Museum Celebrates Apple’s Golden Jubilee
The company could have been called Executek in 1976. Matrix Electronics, perhaps. Or Personal Computers Inc. But in the end, Steve Wozniak and Ronald Wayne opted for the name suggested by their partner Steve Jobs: Apple. Over the next fifty years, through ups and downs, it grew into an iconic tech brand. Henk Gianotten reflects on what is perhaps one of Apple’s most significant achievements: the introduction of desktop publishing.
In the 1980s, Gianotten was responsible at the Tetterode trading company for the sale of both reproduction systems and photographic typesetting systems. At the time, these systems were necessary for producing text blocks, individual headlines, and continuous tone prints of images, which were then assembled—with a great deal of manual labor—into pages for newspapers, books, and magazines. “The integration of text and images was not possible with the techniques used at the time—it was a dead end.
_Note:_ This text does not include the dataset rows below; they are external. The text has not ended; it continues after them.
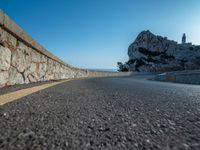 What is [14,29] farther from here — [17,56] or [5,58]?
[5,58]

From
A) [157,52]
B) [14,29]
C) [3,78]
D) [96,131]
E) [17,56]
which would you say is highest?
[157,52]

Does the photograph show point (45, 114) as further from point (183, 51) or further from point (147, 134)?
point (183, 51)

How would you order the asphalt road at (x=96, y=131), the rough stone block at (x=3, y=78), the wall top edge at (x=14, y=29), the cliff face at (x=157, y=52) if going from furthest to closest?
the cliff face at (x=157, y=52) → the rough stone block at (x=3, y=78) → the wall top edge at (x=14, y=29) → the asphalt road at (x=96, y=131)

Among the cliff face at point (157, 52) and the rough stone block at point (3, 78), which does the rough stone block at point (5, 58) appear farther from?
the cliff face at point (157, 52)

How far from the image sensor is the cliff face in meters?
62.0

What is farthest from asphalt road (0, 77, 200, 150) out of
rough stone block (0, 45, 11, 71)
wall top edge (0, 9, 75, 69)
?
wall top edge (0, 9, 75, 69)

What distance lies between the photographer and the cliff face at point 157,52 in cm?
6196

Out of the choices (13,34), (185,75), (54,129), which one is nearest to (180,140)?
(54,129)

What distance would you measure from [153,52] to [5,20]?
6998 cm

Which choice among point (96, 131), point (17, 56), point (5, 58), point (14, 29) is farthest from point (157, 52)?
point (96, 131)

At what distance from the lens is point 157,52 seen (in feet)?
225

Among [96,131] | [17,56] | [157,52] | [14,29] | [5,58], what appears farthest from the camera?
[157,52]

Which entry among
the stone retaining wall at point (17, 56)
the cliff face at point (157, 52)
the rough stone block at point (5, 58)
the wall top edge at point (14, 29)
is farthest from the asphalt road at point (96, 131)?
the cliff face at point (157, 52)

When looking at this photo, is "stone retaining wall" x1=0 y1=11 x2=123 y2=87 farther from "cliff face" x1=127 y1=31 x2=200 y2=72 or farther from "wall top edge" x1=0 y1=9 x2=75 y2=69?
"cliff face" x1=127 y1=31 x2=200 y2=72
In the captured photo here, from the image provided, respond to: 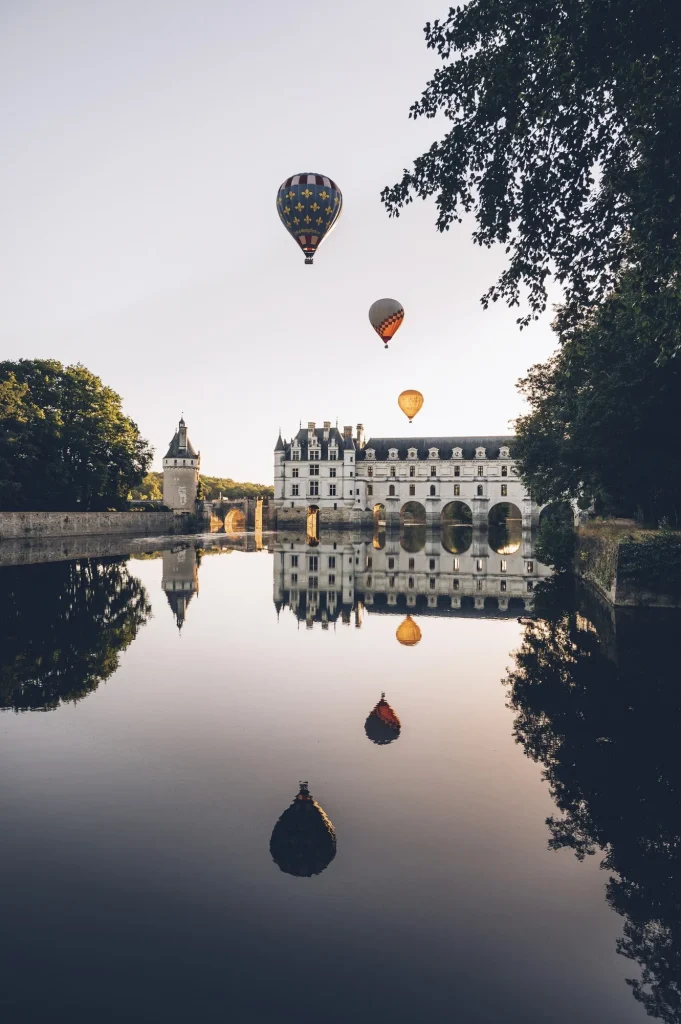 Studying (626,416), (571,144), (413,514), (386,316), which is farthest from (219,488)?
(571,144)

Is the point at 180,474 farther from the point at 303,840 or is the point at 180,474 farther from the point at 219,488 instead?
the point at 303,840

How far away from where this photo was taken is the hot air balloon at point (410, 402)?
5334 centimetres

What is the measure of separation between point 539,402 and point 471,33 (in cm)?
2717

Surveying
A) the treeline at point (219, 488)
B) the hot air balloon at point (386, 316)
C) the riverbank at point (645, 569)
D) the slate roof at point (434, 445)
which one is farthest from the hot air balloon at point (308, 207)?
the treeline at point (219, 488)

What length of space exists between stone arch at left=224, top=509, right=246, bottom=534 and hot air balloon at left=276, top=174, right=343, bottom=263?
5763 cm

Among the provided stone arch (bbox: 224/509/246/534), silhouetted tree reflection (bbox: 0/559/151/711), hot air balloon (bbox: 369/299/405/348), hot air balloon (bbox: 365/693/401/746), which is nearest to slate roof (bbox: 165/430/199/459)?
stone arch (bbox: 224/509/246/534)

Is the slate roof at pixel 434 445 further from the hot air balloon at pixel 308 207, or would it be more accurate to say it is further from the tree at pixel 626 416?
the hot air balloon at pixel 308 207

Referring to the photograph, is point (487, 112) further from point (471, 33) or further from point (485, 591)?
point (485, 591)

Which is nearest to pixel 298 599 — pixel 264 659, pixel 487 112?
pixel 264 659

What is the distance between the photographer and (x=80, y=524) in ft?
173

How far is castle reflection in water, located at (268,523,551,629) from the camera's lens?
1909 centimetres

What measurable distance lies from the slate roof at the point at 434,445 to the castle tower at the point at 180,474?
20.3m

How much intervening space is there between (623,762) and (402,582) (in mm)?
17981

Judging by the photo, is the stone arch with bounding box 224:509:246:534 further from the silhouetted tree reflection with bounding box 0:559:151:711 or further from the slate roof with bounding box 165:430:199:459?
the silhouetted tree reflection with bounding box 0:559:151:711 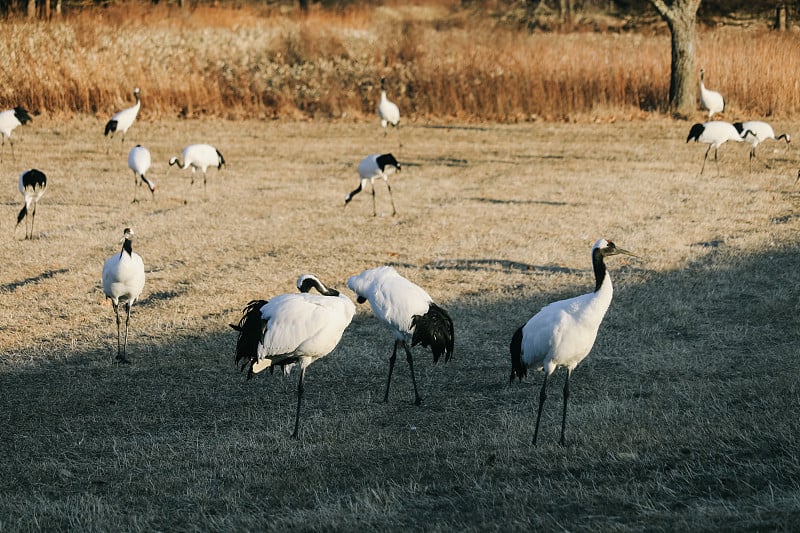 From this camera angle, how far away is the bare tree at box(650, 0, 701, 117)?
73.6 ft

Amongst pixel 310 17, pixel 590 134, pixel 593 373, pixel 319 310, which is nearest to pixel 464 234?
pixel 593 373

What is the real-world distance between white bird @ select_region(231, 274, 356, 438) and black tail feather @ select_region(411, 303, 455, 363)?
0.55 meters

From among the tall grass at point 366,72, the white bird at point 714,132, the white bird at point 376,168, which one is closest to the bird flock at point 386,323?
the white bird at point 376,168

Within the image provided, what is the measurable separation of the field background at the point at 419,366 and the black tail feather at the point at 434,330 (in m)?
0.47

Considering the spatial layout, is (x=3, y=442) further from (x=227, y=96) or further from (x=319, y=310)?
(x=227, y=96)

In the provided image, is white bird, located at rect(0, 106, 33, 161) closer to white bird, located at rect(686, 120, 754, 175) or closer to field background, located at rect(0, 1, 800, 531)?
field background, located at rect(0, 1, 800, 531)

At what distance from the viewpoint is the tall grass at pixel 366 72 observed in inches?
925

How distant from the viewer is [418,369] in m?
8.27

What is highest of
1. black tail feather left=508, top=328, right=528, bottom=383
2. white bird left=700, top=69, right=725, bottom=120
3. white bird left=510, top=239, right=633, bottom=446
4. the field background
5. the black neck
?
the black neck

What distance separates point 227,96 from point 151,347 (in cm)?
1727

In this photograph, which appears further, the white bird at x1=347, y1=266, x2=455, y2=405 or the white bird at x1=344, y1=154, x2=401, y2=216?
the white bird at x1=344, y1=154, x2=401, y2=216

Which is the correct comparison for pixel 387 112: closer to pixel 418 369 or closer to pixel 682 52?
pixel 682 52

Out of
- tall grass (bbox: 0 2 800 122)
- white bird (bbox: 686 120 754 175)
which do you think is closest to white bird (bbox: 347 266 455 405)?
white bird (bbox: 686 120 754 175)

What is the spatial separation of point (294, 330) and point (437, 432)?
125 centimetres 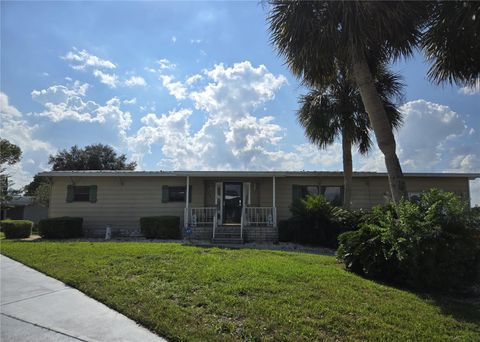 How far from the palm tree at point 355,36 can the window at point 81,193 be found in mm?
11897

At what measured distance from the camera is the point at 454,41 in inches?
344

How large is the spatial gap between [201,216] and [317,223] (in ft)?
17.4

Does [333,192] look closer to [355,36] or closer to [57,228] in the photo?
[355,36]

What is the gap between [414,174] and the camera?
17.7 metres

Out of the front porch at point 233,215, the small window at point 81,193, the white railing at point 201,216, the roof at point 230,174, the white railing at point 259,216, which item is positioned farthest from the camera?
the small window at point 81,193

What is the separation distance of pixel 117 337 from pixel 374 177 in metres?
15.7

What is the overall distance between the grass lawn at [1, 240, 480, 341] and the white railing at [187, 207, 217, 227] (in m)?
8.07

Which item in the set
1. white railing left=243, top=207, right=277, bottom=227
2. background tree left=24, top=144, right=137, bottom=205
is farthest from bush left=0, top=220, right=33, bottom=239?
background tree left=24, top=144, right=137, bottom=205

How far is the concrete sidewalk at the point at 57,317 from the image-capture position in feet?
14.3

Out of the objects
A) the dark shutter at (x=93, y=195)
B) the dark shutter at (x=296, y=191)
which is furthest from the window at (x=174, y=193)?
the dark shutter at (x=296, y=191)

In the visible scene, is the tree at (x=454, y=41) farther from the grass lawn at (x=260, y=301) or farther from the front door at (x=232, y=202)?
the front door at (x=232, y=202)

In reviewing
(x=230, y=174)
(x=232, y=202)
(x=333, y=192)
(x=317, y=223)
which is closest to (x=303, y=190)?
(x=333, y=192)

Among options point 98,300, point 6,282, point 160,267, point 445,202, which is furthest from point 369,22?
point 6,282

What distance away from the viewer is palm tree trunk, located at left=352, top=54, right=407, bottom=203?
334 inches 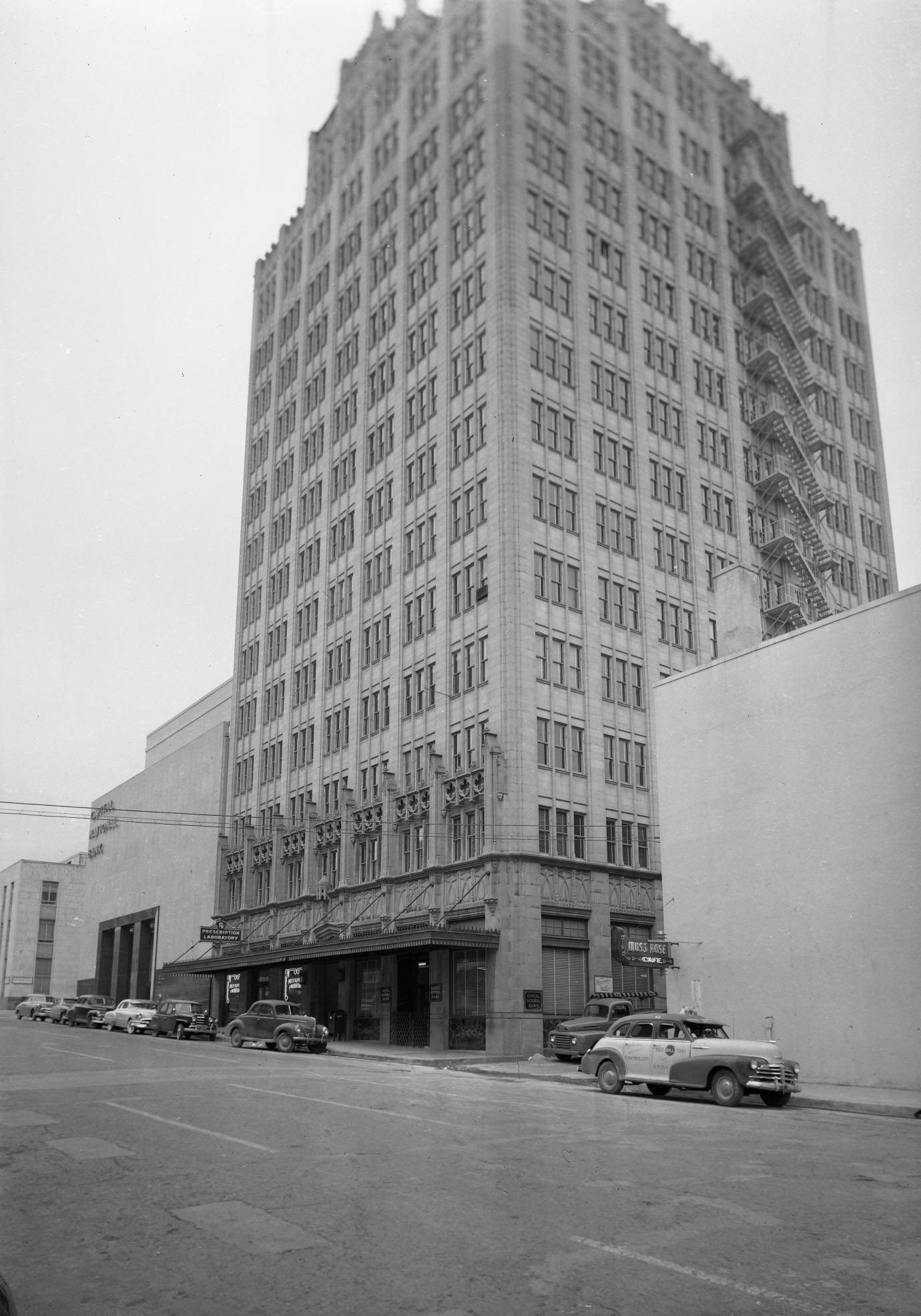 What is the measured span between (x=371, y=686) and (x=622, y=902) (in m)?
16.5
We had to look for other techniques.”
“This is the future”
When Buhrmann Tetterode (BT) took over sales of Linotype phototypesetting systems and digital typefaces in seven countries in 1984, it soon became clear to Gianotten that the long-awaited new technology was indeed on the horizon. It turned out that Linotype was collaborating with Adobe—founded in 1982—on a page description language called PostScript, which would make it possible to format text, vector graphics, continuous tone images, and raster images in both black-and-white and color on a page layout. “From the very beginning, it was clear to me: this is the future.”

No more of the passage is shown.